Feine Risse werden geschlossen, die zuvor fragilen Blätter können wieder angegriffen werden. Und: „Die Nanocellulose ist mit freiem Auge nicht sichtbar und beeinflusst auch eine spätere Digitalisierung nicht“ betont Potthast.
Eine große Herausforderung war die schiere Menge: „Es handelt sich um rund 800 Handschriften mit insgesamt mehr als 50.000 Blättern“, so Potthast. Deshalb wurde ein regelrechtes Fließbandsystem in Tulln entwickelt und in Deutschland eingerichtet. Seit 2022 wird das Sprühverfahren zur Konservierung der Musikalien angewandt. Als „bestmögliche Verbindung von Kultur und praxisorientierter Forschung“, würdigte auch Landeshauptfrau Johanna Mikl-Leitner das Projekt.
Zukunftshoffnung
Das Verfahren erfüllt auch Ansprüche in Hinsicht auf Langzeitstabilität. Der Nachteil ist, dass es aufwendig und teuer ist. „Wir müssen überlegen, es weiterzuentwickeln und in Zukunft auch für andere zugänglich zu machen“, meint Potthast. Vergleichbare Ereignisse und Schäden seien gar nicht so selten.

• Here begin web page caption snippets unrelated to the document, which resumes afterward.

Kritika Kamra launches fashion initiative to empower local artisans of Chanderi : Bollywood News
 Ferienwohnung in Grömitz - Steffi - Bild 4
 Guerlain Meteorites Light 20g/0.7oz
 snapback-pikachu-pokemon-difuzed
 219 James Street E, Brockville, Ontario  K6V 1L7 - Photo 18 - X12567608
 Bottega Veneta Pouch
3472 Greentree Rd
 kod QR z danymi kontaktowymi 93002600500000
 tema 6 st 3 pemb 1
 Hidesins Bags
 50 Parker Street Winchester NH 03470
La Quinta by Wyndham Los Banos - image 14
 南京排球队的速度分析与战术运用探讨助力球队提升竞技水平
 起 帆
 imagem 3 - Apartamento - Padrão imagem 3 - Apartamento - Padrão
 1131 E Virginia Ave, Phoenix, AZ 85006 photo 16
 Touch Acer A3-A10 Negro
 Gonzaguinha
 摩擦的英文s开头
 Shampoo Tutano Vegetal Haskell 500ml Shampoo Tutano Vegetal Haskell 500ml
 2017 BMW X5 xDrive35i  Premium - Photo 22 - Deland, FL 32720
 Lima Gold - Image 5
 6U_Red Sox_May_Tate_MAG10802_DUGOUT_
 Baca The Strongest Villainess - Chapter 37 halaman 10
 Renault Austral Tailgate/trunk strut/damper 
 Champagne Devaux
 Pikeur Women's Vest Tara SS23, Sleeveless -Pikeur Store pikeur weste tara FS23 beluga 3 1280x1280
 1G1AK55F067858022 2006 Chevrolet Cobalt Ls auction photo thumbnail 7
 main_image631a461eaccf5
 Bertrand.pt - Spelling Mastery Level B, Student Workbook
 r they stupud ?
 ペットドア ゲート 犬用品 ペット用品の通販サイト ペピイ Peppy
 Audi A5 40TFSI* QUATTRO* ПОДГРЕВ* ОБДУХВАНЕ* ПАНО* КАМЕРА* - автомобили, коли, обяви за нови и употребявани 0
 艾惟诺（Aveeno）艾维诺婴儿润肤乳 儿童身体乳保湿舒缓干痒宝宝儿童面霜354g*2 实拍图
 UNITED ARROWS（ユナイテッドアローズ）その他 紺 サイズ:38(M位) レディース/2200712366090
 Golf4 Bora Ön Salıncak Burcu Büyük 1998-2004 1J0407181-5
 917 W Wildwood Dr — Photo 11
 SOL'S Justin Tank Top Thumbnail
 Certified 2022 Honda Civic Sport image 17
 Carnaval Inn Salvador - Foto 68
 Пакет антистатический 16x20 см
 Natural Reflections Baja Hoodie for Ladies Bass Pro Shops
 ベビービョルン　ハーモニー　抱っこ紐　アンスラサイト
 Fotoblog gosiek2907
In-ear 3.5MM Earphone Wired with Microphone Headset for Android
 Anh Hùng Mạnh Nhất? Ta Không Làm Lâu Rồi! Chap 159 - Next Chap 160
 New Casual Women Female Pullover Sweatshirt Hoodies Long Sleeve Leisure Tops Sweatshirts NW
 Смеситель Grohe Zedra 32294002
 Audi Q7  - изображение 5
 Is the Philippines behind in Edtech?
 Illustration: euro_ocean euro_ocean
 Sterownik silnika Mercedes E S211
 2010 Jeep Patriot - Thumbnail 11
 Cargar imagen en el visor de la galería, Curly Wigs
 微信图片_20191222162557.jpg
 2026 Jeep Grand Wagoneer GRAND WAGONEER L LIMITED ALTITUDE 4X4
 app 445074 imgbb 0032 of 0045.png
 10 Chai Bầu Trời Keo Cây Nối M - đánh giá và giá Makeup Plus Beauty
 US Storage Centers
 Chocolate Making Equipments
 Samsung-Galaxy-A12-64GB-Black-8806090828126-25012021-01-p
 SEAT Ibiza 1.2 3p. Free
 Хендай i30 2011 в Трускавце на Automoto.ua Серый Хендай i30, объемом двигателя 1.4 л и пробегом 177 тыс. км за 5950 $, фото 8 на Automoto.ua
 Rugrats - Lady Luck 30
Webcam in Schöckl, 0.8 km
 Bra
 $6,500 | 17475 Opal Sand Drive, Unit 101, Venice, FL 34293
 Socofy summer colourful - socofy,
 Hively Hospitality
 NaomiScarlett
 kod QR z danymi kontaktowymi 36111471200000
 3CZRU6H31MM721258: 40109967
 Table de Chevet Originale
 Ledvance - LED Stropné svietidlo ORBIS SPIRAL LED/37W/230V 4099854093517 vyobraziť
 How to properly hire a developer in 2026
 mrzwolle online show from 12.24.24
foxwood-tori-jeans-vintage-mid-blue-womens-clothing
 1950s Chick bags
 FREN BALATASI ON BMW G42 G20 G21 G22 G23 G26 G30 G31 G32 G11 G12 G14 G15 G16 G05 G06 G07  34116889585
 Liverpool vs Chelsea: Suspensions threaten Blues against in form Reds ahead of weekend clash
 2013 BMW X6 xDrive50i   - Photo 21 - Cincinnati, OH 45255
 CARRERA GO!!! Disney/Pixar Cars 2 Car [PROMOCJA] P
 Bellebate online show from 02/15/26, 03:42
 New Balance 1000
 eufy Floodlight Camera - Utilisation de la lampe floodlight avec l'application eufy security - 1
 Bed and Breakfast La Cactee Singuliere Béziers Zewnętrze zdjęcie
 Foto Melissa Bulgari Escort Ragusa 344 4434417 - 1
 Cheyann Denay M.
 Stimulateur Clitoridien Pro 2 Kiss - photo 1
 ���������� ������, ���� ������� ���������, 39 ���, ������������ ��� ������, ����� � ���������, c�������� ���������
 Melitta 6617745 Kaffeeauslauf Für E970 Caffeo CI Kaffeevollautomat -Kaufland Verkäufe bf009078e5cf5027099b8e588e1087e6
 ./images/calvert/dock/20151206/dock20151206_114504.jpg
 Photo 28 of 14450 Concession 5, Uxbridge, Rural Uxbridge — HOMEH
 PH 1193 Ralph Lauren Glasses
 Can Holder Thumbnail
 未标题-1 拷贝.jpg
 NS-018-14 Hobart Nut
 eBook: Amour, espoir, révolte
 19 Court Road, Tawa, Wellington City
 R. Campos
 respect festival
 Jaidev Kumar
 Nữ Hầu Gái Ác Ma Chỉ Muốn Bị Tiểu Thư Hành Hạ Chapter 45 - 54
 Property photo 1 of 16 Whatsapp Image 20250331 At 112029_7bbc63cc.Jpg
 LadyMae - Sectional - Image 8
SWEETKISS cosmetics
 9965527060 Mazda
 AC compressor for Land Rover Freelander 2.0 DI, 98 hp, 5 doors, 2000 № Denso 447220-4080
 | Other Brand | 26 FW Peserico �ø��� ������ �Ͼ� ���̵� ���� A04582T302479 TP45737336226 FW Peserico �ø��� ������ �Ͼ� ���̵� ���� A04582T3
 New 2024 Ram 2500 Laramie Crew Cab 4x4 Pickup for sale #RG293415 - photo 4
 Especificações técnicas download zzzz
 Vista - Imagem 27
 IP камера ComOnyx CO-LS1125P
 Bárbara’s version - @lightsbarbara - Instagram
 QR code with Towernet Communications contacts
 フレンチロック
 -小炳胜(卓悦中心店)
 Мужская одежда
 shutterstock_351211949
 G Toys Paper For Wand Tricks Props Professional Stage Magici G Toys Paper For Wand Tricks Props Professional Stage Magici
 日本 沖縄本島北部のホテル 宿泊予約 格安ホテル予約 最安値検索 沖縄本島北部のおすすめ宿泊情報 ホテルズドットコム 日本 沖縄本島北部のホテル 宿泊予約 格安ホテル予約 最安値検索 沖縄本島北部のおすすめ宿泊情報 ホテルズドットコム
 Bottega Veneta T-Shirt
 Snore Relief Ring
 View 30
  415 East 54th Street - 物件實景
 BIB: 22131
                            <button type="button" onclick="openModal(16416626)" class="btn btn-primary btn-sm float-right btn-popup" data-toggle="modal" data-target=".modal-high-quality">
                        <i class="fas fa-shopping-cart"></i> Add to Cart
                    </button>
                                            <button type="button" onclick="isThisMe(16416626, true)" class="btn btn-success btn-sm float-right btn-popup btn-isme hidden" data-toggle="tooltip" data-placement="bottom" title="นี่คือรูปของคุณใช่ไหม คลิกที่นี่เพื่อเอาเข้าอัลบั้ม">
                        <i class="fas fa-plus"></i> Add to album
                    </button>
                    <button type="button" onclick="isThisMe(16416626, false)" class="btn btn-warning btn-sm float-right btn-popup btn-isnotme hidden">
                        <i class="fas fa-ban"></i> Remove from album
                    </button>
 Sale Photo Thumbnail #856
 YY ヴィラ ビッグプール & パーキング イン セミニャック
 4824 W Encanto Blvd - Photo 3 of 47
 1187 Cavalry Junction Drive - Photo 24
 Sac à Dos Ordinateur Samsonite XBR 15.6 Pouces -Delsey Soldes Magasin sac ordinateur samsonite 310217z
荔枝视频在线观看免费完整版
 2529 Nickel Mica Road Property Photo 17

Außerdem sind historische Papiere nicht nur von Feuer bedroht. Auch Schimmel oder Tintenfraß (wenn die alte Tinte langsam das Papier zersetzt) sind Themen. „Ich glaube, dass unsere Forschung auch bei diesen Schäden Potenzial hat. Der Nanocellulose ist es egal, wo sie sich drauflegt. Damit ergeben sich ganz neue Anwendungsperspektiven bei der Behandlung von Objekten, die bisher als unbehandelbar galten“, meint Potthast.